■ **WHAT THIS TASK INVOLVES**
Locate the line that contains "this 350×262 image.". Print it and every subsequent line through the final line of the records, exactly and only those.

■ **EXERCISE MATERIAL**
- Opening Delimiter -
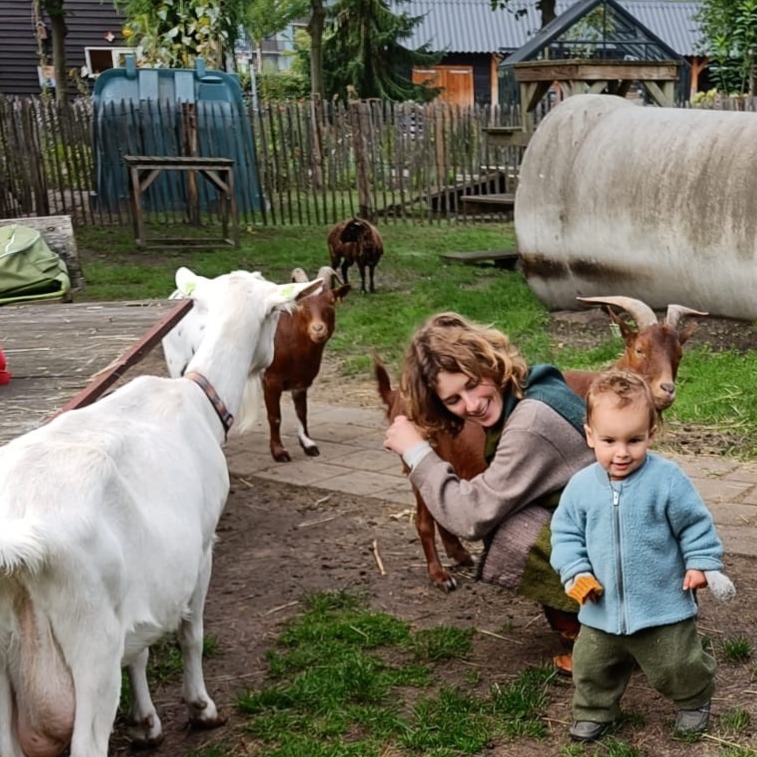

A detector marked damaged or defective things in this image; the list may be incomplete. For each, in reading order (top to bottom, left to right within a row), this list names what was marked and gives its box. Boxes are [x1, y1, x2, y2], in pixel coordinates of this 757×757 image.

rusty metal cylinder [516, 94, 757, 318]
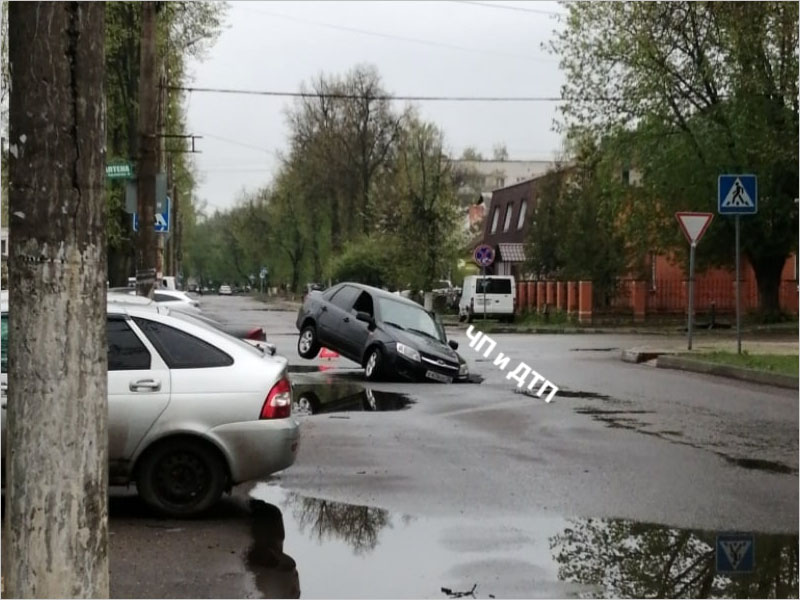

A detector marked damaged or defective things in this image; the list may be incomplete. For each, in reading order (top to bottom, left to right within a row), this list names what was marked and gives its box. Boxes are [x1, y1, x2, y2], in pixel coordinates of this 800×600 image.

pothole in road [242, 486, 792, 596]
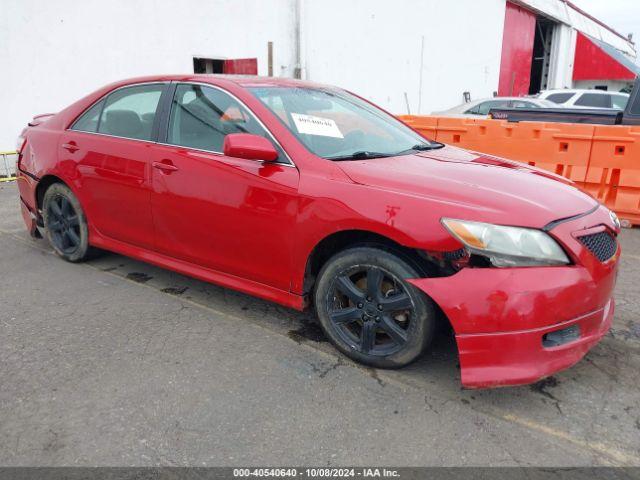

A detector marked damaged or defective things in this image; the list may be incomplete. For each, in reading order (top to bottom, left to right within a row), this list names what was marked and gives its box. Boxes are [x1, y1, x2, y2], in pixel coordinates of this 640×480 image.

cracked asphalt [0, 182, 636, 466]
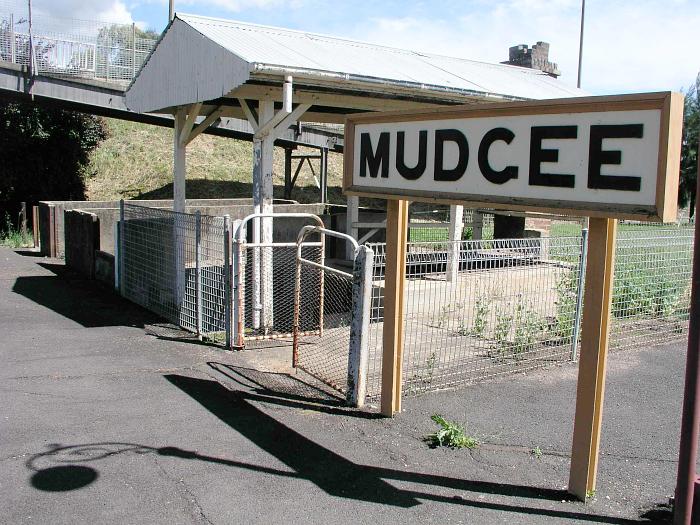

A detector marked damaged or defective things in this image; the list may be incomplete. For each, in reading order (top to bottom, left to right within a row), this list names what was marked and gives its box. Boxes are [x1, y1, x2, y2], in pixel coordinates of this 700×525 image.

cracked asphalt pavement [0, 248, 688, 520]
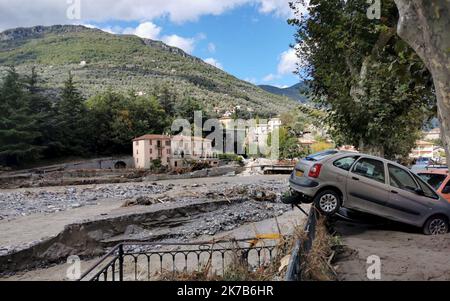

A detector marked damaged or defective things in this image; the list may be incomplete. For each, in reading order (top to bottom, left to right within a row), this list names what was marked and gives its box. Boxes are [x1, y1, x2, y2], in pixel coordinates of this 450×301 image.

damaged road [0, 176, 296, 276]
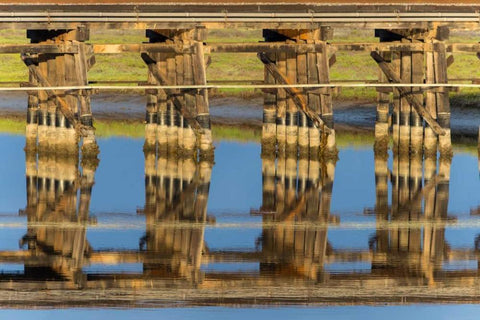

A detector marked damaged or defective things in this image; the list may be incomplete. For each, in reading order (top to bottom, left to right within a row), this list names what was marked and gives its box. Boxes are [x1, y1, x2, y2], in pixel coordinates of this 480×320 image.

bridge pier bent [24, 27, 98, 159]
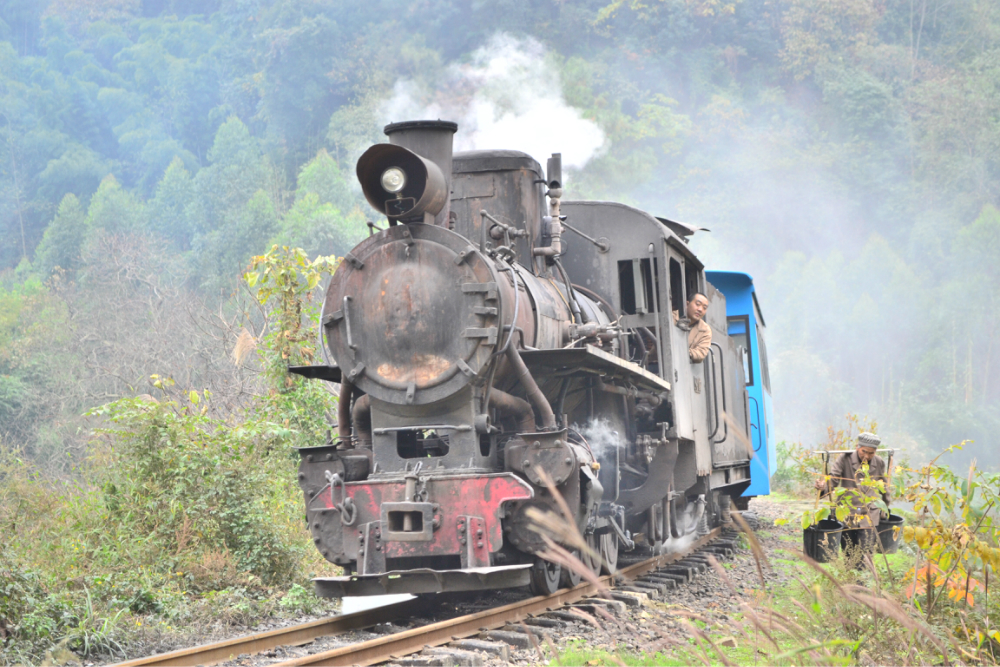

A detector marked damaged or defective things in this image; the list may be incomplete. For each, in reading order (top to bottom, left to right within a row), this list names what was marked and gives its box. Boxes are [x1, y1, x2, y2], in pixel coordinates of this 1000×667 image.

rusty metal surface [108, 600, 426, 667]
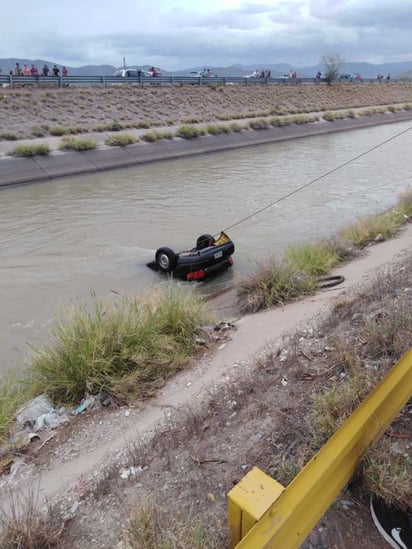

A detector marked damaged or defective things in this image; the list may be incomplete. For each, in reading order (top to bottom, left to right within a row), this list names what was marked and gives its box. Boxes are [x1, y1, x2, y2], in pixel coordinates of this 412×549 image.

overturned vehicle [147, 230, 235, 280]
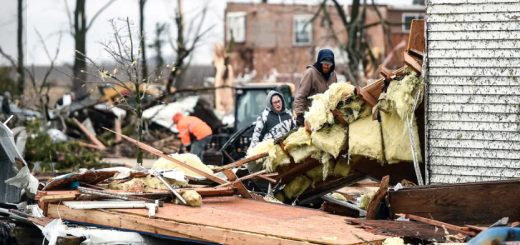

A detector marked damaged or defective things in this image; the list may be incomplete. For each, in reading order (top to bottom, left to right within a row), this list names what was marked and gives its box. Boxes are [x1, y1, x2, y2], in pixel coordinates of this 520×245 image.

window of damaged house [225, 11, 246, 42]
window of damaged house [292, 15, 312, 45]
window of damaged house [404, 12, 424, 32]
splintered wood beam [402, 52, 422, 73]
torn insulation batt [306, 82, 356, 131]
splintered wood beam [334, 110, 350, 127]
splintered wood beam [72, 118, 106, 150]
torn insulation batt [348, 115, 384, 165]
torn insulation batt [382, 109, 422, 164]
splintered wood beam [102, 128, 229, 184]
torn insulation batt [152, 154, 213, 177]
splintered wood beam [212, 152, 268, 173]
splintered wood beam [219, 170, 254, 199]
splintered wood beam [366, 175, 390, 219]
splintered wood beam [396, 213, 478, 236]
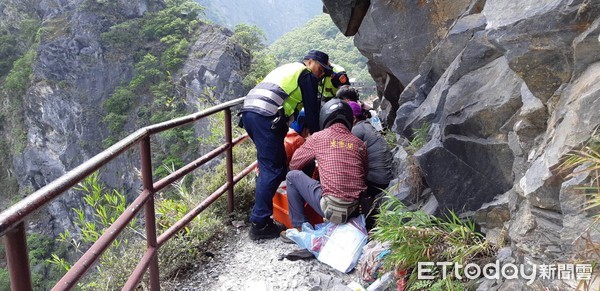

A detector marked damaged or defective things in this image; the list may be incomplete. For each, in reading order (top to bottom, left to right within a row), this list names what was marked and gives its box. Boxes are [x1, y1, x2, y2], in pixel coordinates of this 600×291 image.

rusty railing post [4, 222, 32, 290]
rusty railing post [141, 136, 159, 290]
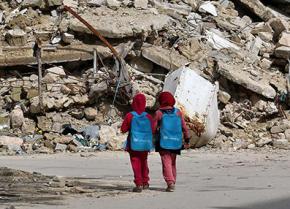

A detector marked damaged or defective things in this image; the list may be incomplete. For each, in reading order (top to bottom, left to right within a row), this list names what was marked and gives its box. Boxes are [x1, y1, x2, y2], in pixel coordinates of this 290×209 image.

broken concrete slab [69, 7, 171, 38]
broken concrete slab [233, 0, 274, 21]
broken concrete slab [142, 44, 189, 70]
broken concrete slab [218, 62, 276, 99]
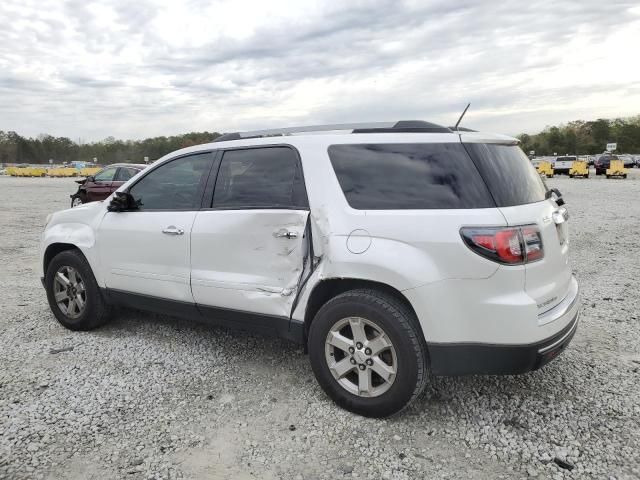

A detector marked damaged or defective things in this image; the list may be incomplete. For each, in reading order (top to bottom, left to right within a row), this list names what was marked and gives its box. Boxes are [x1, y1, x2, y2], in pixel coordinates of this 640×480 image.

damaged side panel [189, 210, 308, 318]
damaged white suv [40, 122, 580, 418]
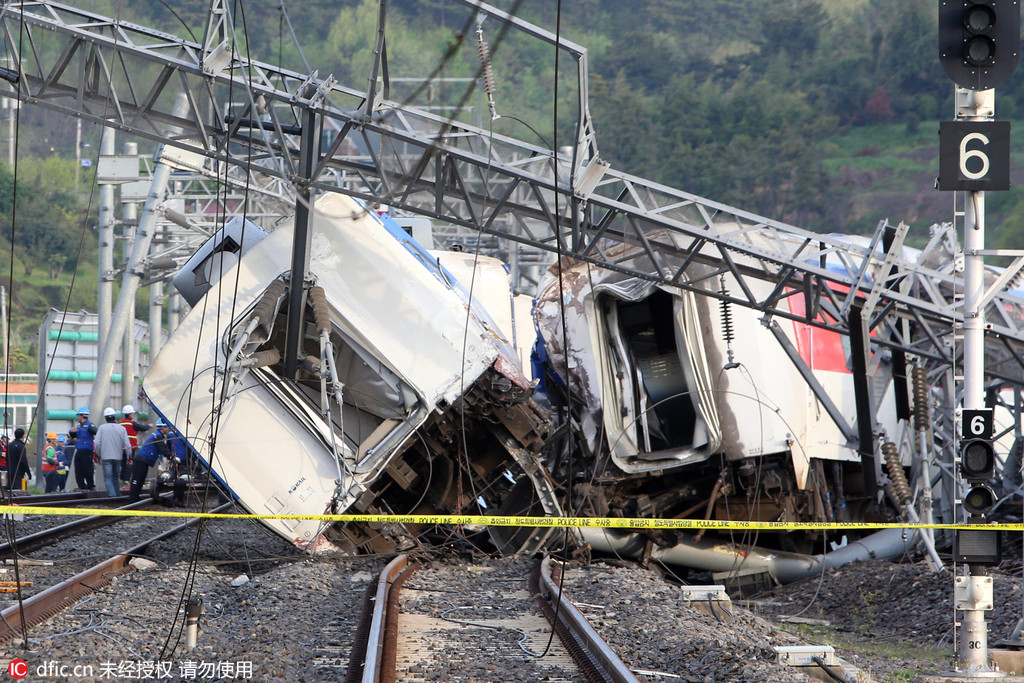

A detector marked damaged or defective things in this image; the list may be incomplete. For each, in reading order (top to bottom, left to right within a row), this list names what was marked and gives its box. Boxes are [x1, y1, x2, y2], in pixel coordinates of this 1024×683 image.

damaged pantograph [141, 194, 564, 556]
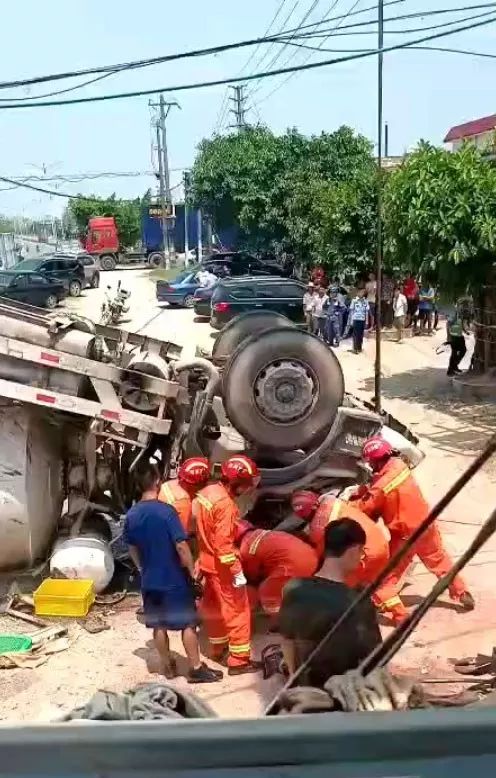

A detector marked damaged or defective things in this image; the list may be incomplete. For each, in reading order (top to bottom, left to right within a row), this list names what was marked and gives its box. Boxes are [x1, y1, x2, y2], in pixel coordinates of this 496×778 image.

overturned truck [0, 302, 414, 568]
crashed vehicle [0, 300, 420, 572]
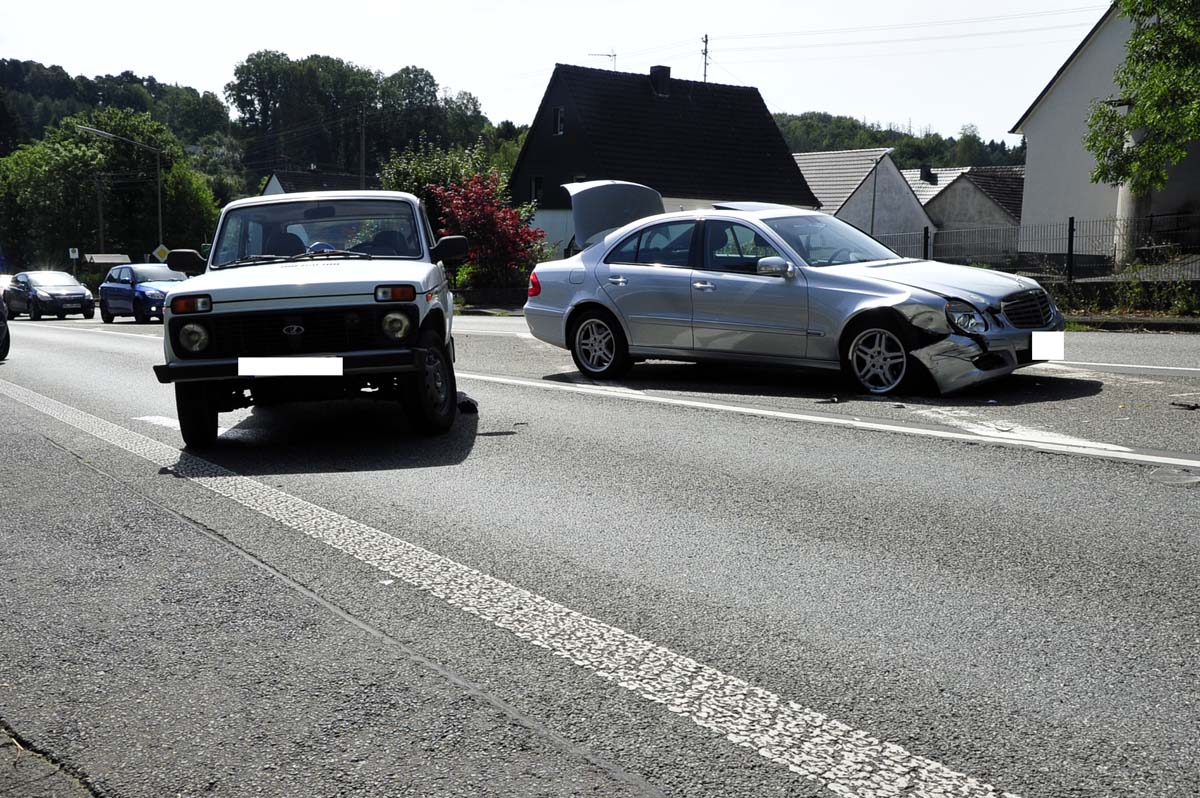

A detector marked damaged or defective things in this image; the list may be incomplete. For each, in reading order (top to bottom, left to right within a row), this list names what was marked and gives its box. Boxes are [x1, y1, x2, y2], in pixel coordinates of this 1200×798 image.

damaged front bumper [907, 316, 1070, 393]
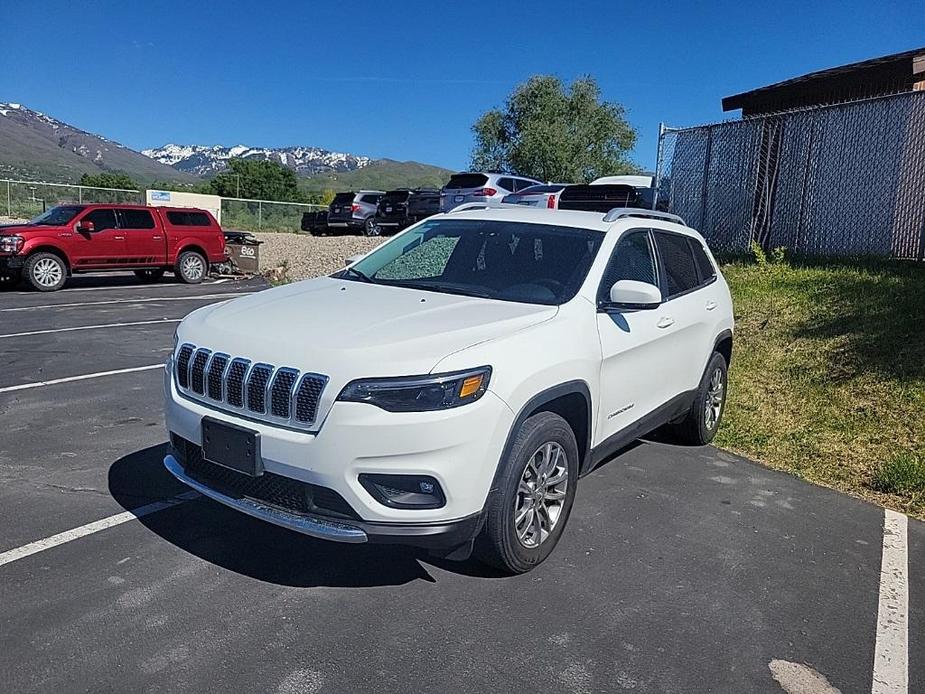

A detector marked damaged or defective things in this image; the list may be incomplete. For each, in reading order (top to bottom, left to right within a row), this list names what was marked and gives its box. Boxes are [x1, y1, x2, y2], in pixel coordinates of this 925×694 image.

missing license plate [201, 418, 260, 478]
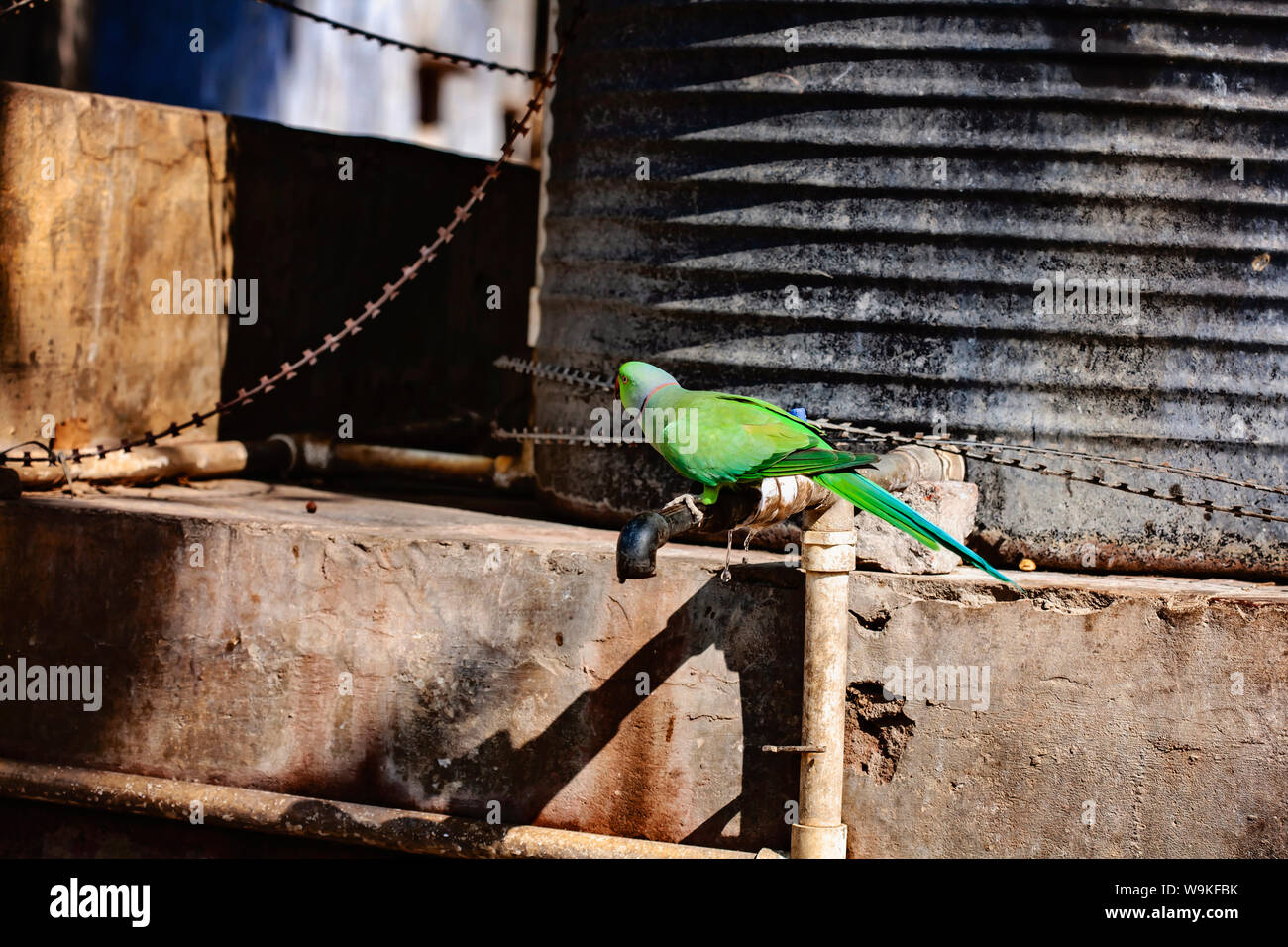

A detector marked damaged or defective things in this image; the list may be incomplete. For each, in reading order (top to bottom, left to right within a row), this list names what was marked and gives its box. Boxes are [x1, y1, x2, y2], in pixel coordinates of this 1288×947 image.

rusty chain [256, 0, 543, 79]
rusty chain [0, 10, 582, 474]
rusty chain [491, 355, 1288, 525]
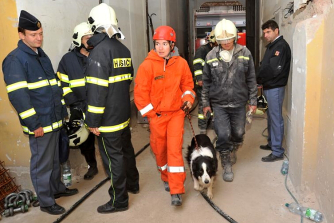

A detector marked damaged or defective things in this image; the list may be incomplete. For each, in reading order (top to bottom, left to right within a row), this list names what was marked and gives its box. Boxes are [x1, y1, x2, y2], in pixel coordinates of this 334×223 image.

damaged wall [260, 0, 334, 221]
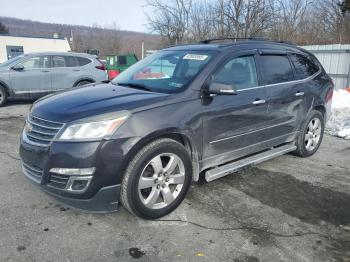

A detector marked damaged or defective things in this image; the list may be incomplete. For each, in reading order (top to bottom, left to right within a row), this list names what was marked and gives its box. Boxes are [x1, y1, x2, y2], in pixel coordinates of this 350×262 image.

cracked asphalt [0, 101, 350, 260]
- Closing Delimiter -
■ **TASK RESPONSE**
A detector marked damaged or defective things in this image; the list may be incomplete. For each, in reading order (top to bottom, left to right within a row), this list names what was marked and gives its box. Boxes are [x1, y1, x2, y2], in pixel coordinates of this 350×262 image.

cracked asphalt [0, 101, 350, 260]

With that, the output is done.